Credibility hasn’t improved. There are 1,000 metal tanks that store contaminated water used to cool the still-hot molten cores of the three reactors. The tanks contain nearly 1.25 million tons of spent cooling water, that’s still radioactive. Tepco and the government are running out of space to build more tanks, so they want to gradually release the water into the sea (after it is decontaminated and diluted) over the next 30 years.

However, in 2018, Tepco acknowledged that 70% of the water stored at the site contained extremely dangerous radioactive contaminants such as strontium-90, rather than just the tritium Tepco said it contained, another huge black eye for the state’s and Tepco’s credibility.

Tritium is a naturally occurring isotope of hydrogen that isn’t considered dangerous to human health.
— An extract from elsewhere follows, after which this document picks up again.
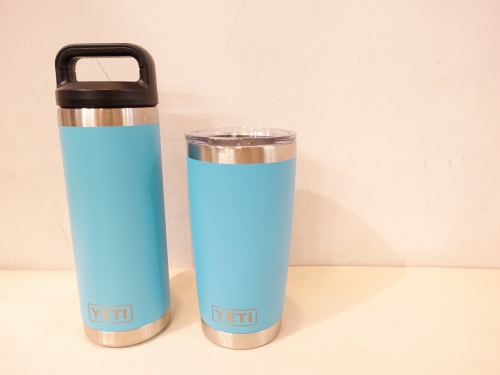 YETI(イエティ)ランブラー新色シリーズ入荷しました!【福岡 YETI(イエティ)ランブラー新色シリーズ入荷しました!【福岡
It’s routinely released into the ocean by nuclear power plants worldwide.

So, just like in the US state of Texas, Japan has favored the utilities over public health, and still is doing so today. This is important since Japan’s new prime minister, Yoshihide Suga, has committed to carbon neutrality by 2050. Japan’s renewable energy sector currently produces nearly 24% of its electric needs, but the government thinks that nuclear’s contribution will need to rise from today’s 6% to 20% within 10 years to meet the goal.
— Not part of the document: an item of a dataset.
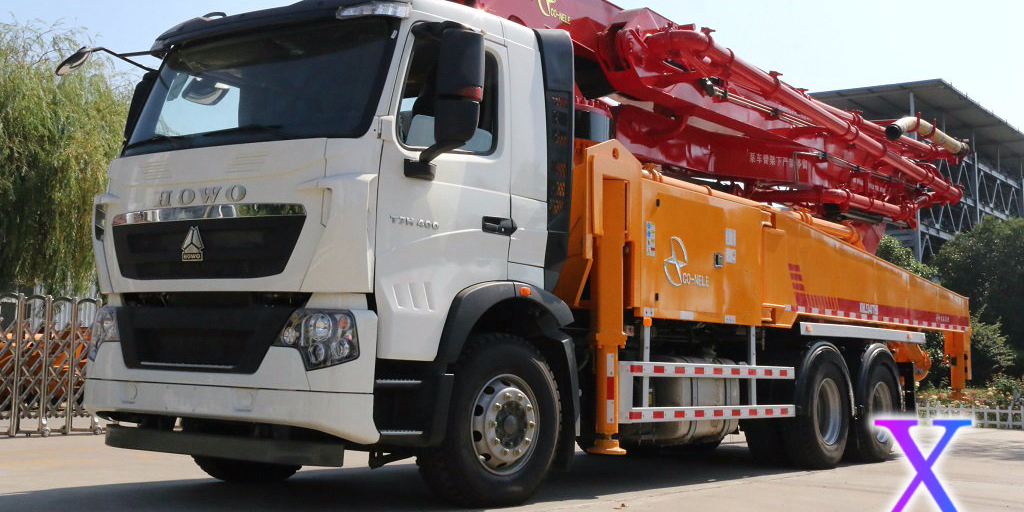 科尼樂小型混凝土泵車該如何選擇？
But growing nuclear’s contribution to Japan’s energy needs will require rebuilding public trust in nuclear energy. There needs to be more straight talk about how to expand safely, along with clear thinking about the very cozy government-business relationship.

Japan’s handling of the immediate crisis and the long-term solutions makes any discussion of adding additional nuclear power difficult. A survey by Edelman, a public-relations firm, found that the percentage of Japanese expressing trust in their government plunged from 51% before the disaster to 25% after. It now stands at 37%. As Azby Brown of Safecast, a Tokyo NGO says:

“Trust is not a renewable resource. Once you lose it, that’s it.”

Nuclear’s weakness is that it’s expensive and dangerous, which makes new nuclear power a hard sell. It is increasingly being deployed in autocratic nations; exactly where careful regulation is least likely. Russia is exporting nuclear power plants.

China’s nuclear plants are growing as part of an effort to reduce reliance on coal. China produced four times as much nuclear energy in 2019 as it did in 2011 and has 16 reactors under construction.

Countries wanting new nuclear plants now look to China and Russia as suppliers.

Skeptical people always ask nuclear power utilities one simple question: “What will you do with the radioactive waste?” Radioactive waste has always been, and remains, an intractable problem.

And now here we are, wanting zero-emissions power. But we’re faced with the intractable problems of what will resolve the after-effects of the Fukushima disaster, and how to store the radioactive waste from other power plants.